DATA TO EXAMINE
##############################
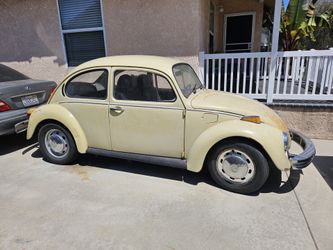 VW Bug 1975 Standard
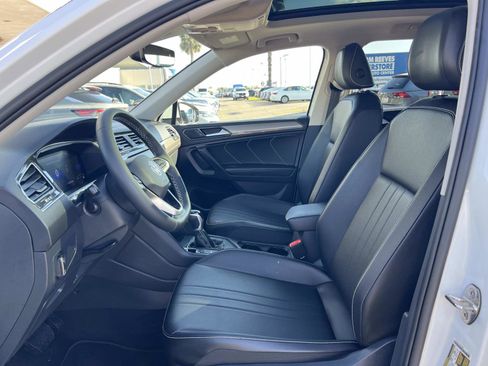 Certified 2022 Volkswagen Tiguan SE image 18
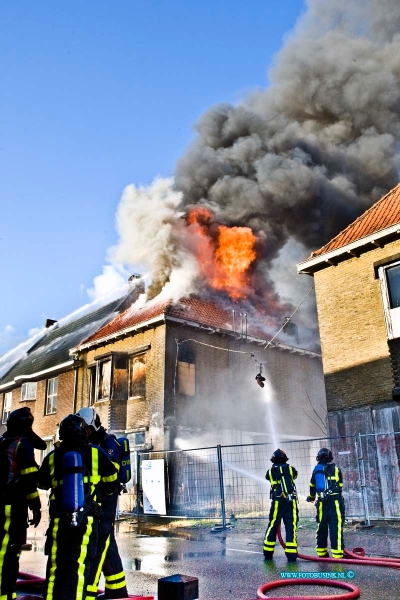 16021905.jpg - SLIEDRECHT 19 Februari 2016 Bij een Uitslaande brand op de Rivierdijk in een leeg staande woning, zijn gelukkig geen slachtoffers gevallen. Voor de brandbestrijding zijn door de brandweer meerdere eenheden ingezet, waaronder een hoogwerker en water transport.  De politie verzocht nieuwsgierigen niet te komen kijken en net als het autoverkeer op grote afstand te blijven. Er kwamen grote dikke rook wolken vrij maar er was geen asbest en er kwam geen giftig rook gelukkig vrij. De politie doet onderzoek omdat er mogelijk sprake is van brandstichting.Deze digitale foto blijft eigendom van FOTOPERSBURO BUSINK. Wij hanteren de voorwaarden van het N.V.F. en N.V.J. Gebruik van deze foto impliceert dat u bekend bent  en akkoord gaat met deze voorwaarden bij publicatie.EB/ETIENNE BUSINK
##############################
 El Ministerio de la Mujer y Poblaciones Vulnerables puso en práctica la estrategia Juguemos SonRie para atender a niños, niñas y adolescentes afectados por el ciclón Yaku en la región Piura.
##############################
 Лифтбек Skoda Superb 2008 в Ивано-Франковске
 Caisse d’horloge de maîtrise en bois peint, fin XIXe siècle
##############################
TRY IT
The reply should hold exactly the lines above, starting at the line with "VW Bug 1975 Standard" and ending at the line with "Certified 2022 Volkswagen Tiguan SE image 18", and no pictures.

SOLUTION TO THIS EXERCISE
 VW Bug 1975 Standard
 Certified 2022 Volkswagen Tiguan SE image 18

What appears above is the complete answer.